Nosso tempo é dividido entre oração, estudo e trabalho.
A oração litúrgica, o Ofício Divino, ocupa o primeiro lugar:
“O fundamento íntimo do estado religioso, escreve D. Romain Banquet, é a prática contínua e mais perfeita possível do primeiro mandamento: ‘Adorar a Deus e amá-lo de todo coração’. É por isso que S. Bento escreve na Regra que ‘nada deve ser preferido ao Ofício Divino’, ‘nihil operi Dei praeponatur’. São Bento traduz simplesmente a vontade de Deus e a da Igreja quando ele coloca o Ofício Divino acima de tudo. Tudo, no plano divino, se refere à celebração da glória de Deus” (Doctrine Monastique de Dom Romain Banquet, p.76)

Ao Ofício Divino e inspirada nele se acrescenta a oração pela qual o monge une-se a Deus de maneira mais pessoal. Aliás, a observância do silêncio não tem outra finalidade senão a de tornar mais fácil essa união ao longo de todo o dia.
Depois da oração, o estudo ocupa um lugar importante em nossa vida. Como poderia ser de outra forma se nós só amamos o que conhecemos? E, conhecendo, o amor não procura conhecer ainda mais? A esse respeito nós só temos de seguir nossos predecessores que sempre amaram o estudo, e é por isso que encontramos cinco Doutores da Igreja entre os filhos de  São Bento.
Nossos candidatos ao sacerdócio fazem parte de seus estudos no Seminário da Fraternidade São Pio X na Argentina o que nos deixa felizes por termos assim um laço a mais com a obra de Dom Lefebvre. Esperamos poder ter futuramente nosso próprio corpo docente o que permitirá que todos os estudos sejam feitos no mosteiro, estudos que se prolongarão durante toda a existência do monge, inspirando e esclarecendo sua vida de oração e o apostolado que pode lhe ser eventualmente confiado.
Enfim o trabalho manual completa as ocupações do monge, dando-lhe ocasião de fazer penitência, de se identificar com Nosso Senhor trabalhando em Nazaré e formar seu julgamento por esse contato cotidiano com a realidade das coisas mais humildes mas tão admiráveis da criação, na horta, na cozinha, na padaria e nos diversos ofícios da casa.
O horário que regula essas três grandes atividades do monge em nosso mosteiro é o seguinte:
  • 03:30 - MATINAS, seguidas da “Lectio Divina” 

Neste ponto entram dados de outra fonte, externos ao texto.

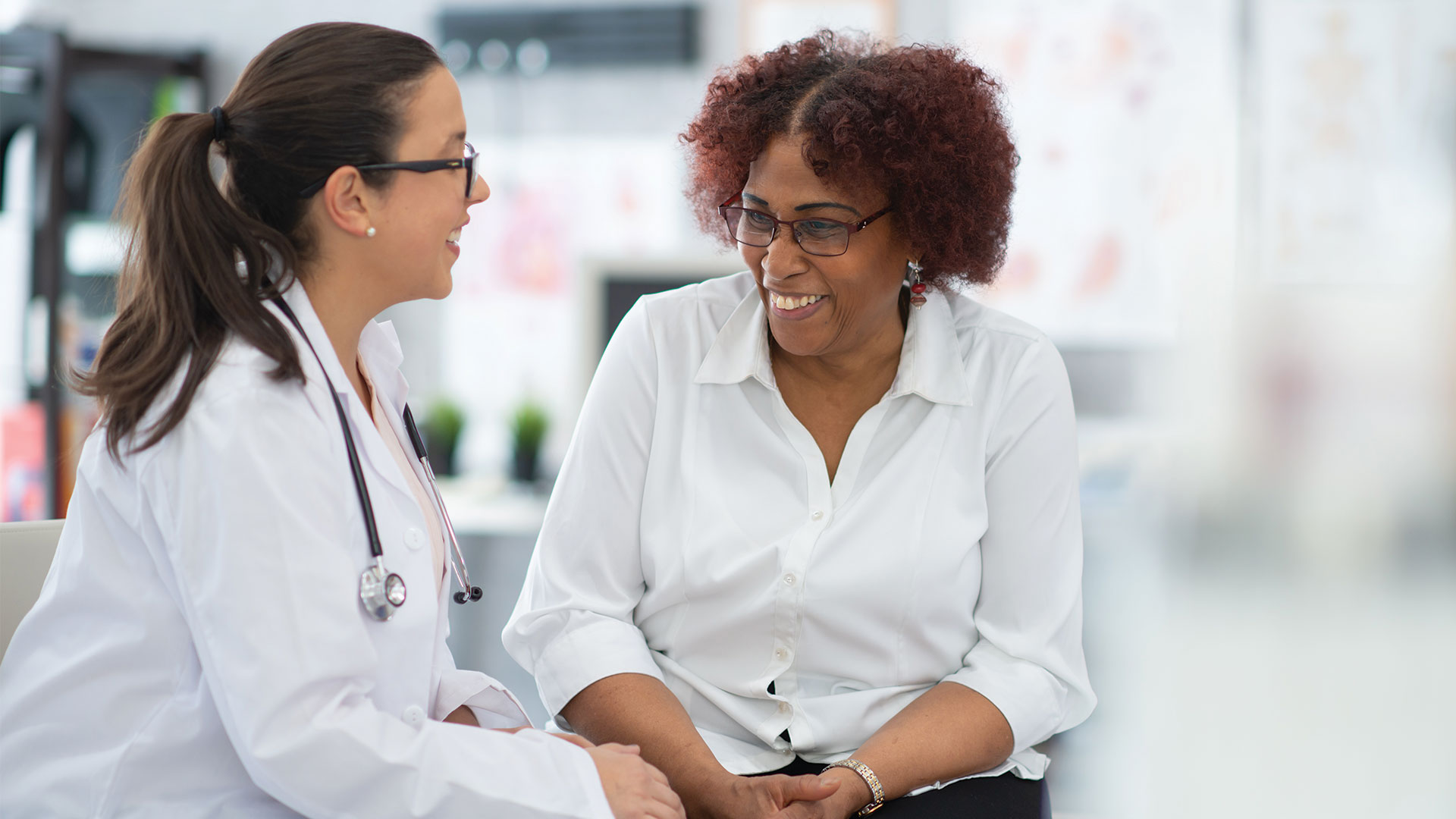 Doctor using Ambient Listening with patient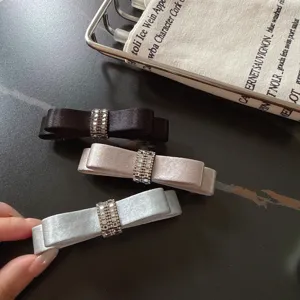 Nahaufnahme eleganter Satinschleifen-Haarspangen mit funkelnden Strass-Zentren in drei Farben.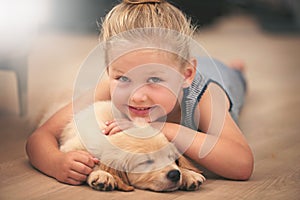 Girl hug her puppy in portrait, relax at home and happy with sleeping golden retriever and child with smile. Happiness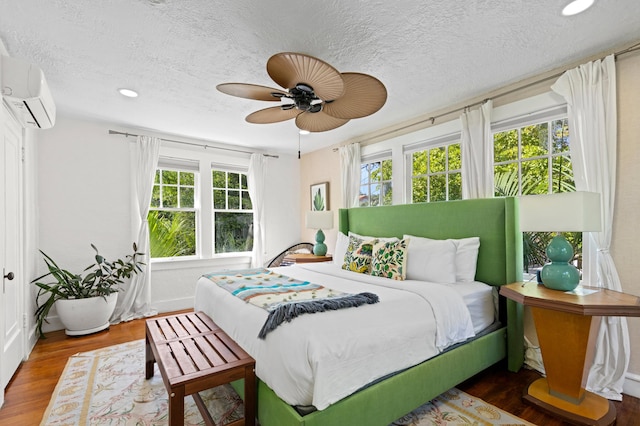 bedroom featuring a textured ceiling, ceiling fan, dark wood-type flooring, and multiple windows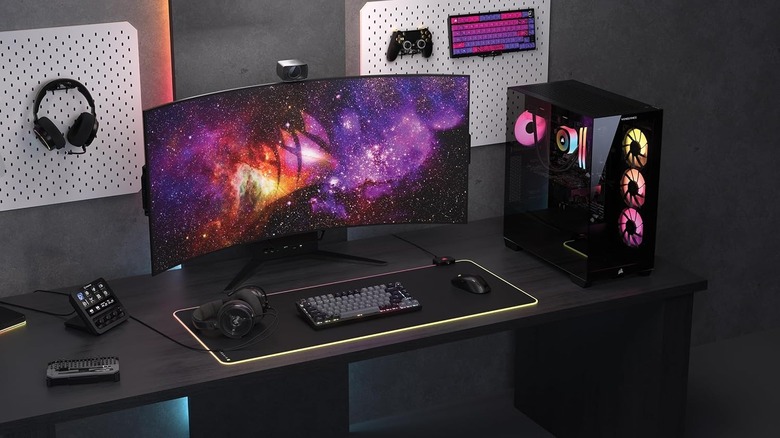 A desk with a gaming PC and monitor on it.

  • 06:00 - LAUDES, seguidas de oração mental 
  • 07:00 - Café da manhã 
  • 07:30 - PRIMA, seguida de aulas 
  • 10:00 (ou 11:00) - TERÇA e MISSA CONVENTUAL 
  • 12:00 - SEXTA seguida de almoço 
  • 14:15 - NOA, seguida de trabalho manual 
  • 17:00 - VÉSPERAS, seguidas de oração 
  • 18:00 - Jantar 
  • 18:45 - Capítulo 
  • 19:00 - COMPLETAS 
  • 20:00 - Apagar as luzes
Uma vez por semana, após Noa, a comunidade faz uma caminhada recreativa. Além disso, ao menos duas vezes por ano toda a comunidade faz o que chamamos "grande passeio" e que nada mais é do que uma grande excursão a pé pelas matas das redondezas, ocasião em que passamos o dia "em família" ao ar livre, o que não nos impede de aí cantar o Ofício Divino e louvar assim o Criador!

Às nossas atividades propriamente monásticas acrescenta-se, além da assistência espiritual e de formação a nossas irmãs, um discreto apostolado junto às famílias da região assim como a orientação espiritual da pequena escola mantida pelo mosteiro.